I think I have said this every night before bed lately.
WFR dreams: Last week I took a Wilderness First Responder class in northern Wisconsin. I was immersed in the beautiful northwoods of Wisconsin near the small town of Boulder Junction. In the first lecture from my newly beloved teacher, Ann, I realized how little I knew about the human body. But, hey! with a little reading and learning, I was able to figure out a lot. Before when I would have guessed immediate death upon someone who had fallen from a big rock or vomited upon seeing blood gushing from a femur sticking out of someones skin, I now understand that the human body is fairly resilient. After a week of bloody simulations and the practicing of hundreds of spine-stable log rolls, puke-rolls, splinting, PAS-ing, I feel like I have a much better understand of the workings of the human body.
BUT, unfortunately every night last week, my dreams were filled with blood, guts, death, hypothermia, anaphylaxis, and whatever other crazy things my brain cooked up. So, my hope for now on is that I would have no more of these terrible dreams.

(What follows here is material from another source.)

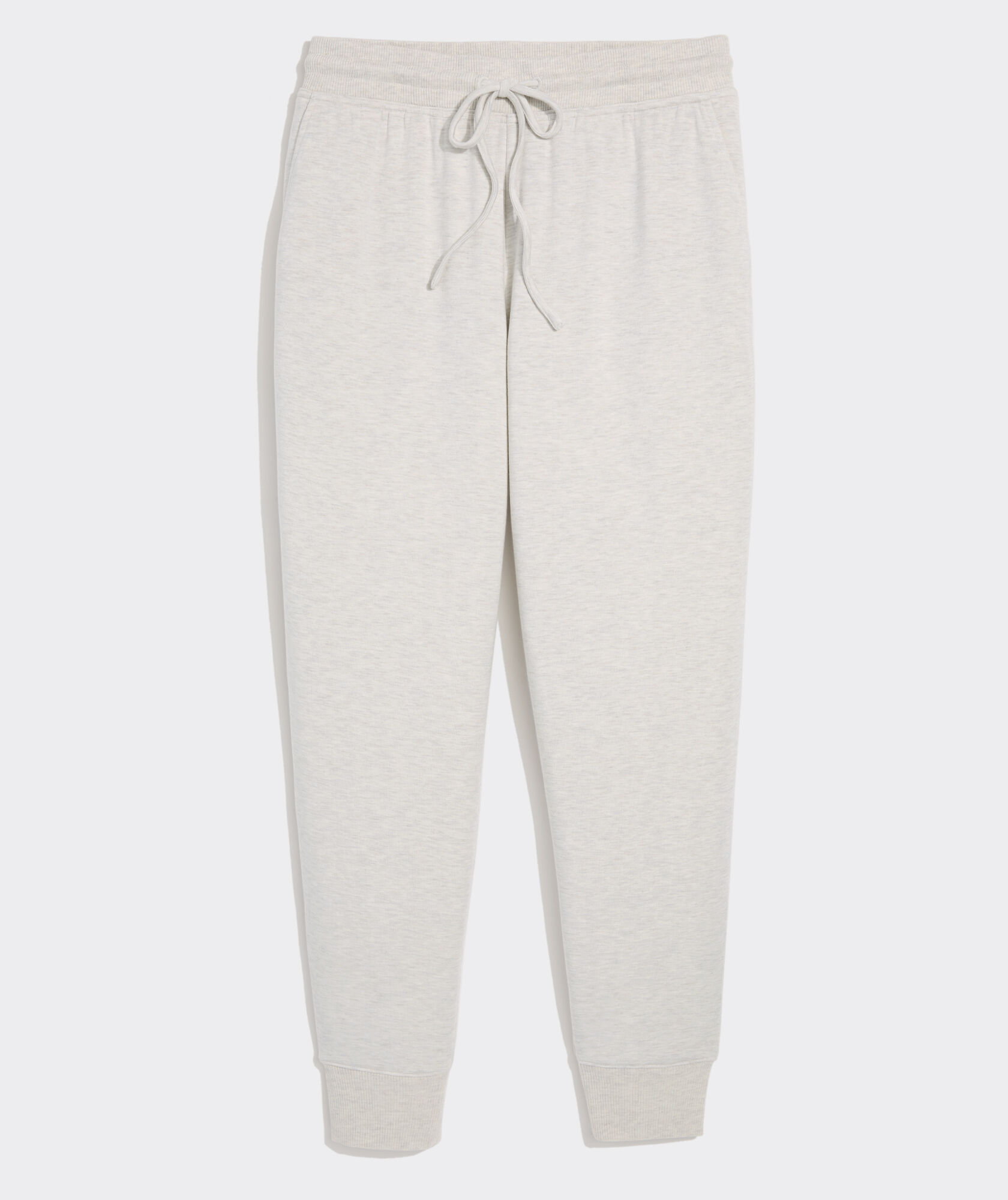 Shop Dreamcloth® Joggers at vineyard vines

High Sierra dreams: Why is night the loneliest part of a day? Before falling asleep every night the week I got home from school, I would think about the fantastic life I enjoyed for the first few months of this year. And for some reason, it made me sad. So, I've been trying to figure out why such a great thing could make me so sad. And here's what I've discovered: High Sierra was perhaps the one time in my life I have felt completely comfortable being myself. Something about that place, the people, the hap-happenings...just made me feel so much like...well, me...if I could dare to say I know who "me" is.
I think I experienced what community is for the first time--something that was never created in family or school or church or friendships or any social situation I've ever been in. And I liked it a lot. AND, the sadness I think comes from thinking or believing that maybe I won't ever have something like that again. But, I now see that that is ridiculous. I am so incredibly glad that these past 5 months have been part of my life...but now I am excited about what comes next and what is to come from now on (however long that will be). I will not forget the friendships, the learning, the teachers (in form of author, professor, friend, mountain, or random folk), the laughter (and there was a lot), the many accents, or anything else that pops into my mind daily that brings back these dear memories.
BUT...no more sadness, no more sad dreams.
by the by, on my way home from Wiscaaansin, I met my broski at an Imogen Heap concert. She was...I can't think of an appropriate word, dang it...crazy, I guess. Her gestures and dancing were just so silly...so HER! But her music and the whole performance was very ethereal. It made me want to sit in an aquarium in front of the jellyfish exhibit for hours on end.